#### What you should do:
Output exactly the lines below, starting with the line that has "the preserve at" and going on through the line that has "Person holding spoon with tea cup", both included, and no other lines.

[Records from a data collection]
##########

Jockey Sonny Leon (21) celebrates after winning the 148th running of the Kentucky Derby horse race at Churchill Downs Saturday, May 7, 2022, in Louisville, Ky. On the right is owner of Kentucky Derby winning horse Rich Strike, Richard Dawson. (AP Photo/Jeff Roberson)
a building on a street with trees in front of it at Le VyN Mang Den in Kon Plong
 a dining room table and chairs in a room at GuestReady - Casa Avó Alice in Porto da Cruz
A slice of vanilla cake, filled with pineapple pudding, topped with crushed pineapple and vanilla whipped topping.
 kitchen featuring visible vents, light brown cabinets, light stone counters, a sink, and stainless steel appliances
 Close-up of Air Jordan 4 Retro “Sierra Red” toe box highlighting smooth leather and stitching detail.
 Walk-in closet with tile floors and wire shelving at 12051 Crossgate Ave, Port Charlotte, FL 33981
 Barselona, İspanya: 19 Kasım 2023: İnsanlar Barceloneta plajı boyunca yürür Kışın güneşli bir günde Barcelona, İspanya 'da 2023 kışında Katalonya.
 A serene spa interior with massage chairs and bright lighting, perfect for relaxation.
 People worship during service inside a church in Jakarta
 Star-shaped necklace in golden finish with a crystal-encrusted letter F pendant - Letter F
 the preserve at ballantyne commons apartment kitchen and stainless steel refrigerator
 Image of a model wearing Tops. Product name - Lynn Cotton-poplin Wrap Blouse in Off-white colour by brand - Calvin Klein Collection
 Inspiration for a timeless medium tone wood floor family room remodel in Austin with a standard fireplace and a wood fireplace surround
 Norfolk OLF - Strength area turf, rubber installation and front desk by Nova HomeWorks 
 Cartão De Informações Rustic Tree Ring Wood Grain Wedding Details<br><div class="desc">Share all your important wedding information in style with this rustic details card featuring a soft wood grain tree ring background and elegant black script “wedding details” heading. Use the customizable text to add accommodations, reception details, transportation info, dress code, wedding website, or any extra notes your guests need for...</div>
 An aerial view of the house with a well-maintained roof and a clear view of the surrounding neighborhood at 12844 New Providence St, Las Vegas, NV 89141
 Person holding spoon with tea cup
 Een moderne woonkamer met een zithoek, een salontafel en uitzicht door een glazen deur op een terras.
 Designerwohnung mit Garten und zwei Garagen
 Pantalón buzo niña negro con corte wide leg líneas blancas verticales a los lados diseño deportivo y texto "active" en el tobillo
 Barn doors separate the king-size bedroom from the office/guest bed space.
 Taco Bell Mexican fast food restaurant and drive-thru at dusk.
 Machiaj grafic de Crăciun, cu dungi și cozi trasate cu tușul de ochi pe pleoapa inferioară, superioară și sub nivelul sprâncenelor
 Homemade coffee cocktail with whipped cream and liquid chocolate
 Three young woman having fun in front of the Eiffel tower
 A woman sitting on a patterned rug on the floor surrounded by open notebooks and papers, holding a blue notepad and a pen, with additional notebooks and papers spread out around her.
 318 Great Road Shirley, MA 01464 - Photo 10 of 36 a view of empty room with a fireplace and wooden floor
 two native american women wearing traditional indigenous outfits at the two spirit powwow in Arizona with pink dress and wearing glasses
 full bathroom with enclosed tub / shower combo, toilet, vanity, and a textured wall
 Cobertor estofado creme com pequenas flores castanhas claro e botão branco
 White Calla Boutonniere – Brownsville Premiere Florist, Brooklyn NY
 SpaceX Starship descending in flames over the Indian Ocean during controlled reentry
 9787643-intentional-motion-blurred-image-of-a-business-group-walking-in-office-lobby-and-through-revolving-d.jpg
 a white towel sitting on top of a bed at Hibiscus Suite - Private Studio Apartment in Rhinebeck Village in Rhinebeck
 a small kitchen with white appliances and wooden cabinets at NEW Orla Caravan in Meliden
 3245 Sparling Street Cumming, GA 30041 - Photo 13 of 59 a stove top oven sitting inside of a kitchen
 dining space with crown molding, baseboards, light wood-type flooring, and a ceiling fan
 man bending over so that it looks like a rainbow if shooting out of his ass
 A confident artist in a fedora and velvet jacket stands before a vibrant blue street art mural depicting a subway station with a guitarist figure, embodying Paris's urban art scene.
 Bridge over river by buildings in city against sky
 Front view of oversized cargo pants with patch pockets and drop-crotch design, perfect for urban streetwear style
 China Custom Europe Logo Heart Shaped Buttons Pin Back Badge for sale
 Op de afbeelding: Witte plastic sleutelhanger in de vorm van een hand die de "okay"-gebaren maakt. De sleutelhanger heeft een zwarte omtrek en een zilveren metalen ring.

##########

#### Response for this exercise:
 the preserve at ballantyne commons apartment kitchen and stainless steel refrigerator
 Image of a model wearing Tops. Product name - Lynn Cotton-poplin Wrap Blouse in Off-white colour by brand - Calvin Klein Collection
 Inspiration for a timeless medium tone wood floor family room remodel in Austin with a standard fireplace and a wood fireplace surround
 Norfolk OLF - Strength area turf, rubber installation and front desk by Nova HomeWorks 
 Cartão De Informações Rustic Tree Ring Wood Grain Wedding Details<br><div class="desc">Share all your important wedding information in style with this rustic details card featuring a soft wood grain tree ring background and elegant black script “wedding details” heading. Use the customizable text to add accommodations, reception details, transportation info, dress code, wedding website, or any extra notes your guests need for...</div>
 An aerial view of the house with a well-maintained roof and a clear view of the surrounding neighborhood at 12844 New Providence St, Las Vegas, NV 89141
 Person holding spoon with tea cup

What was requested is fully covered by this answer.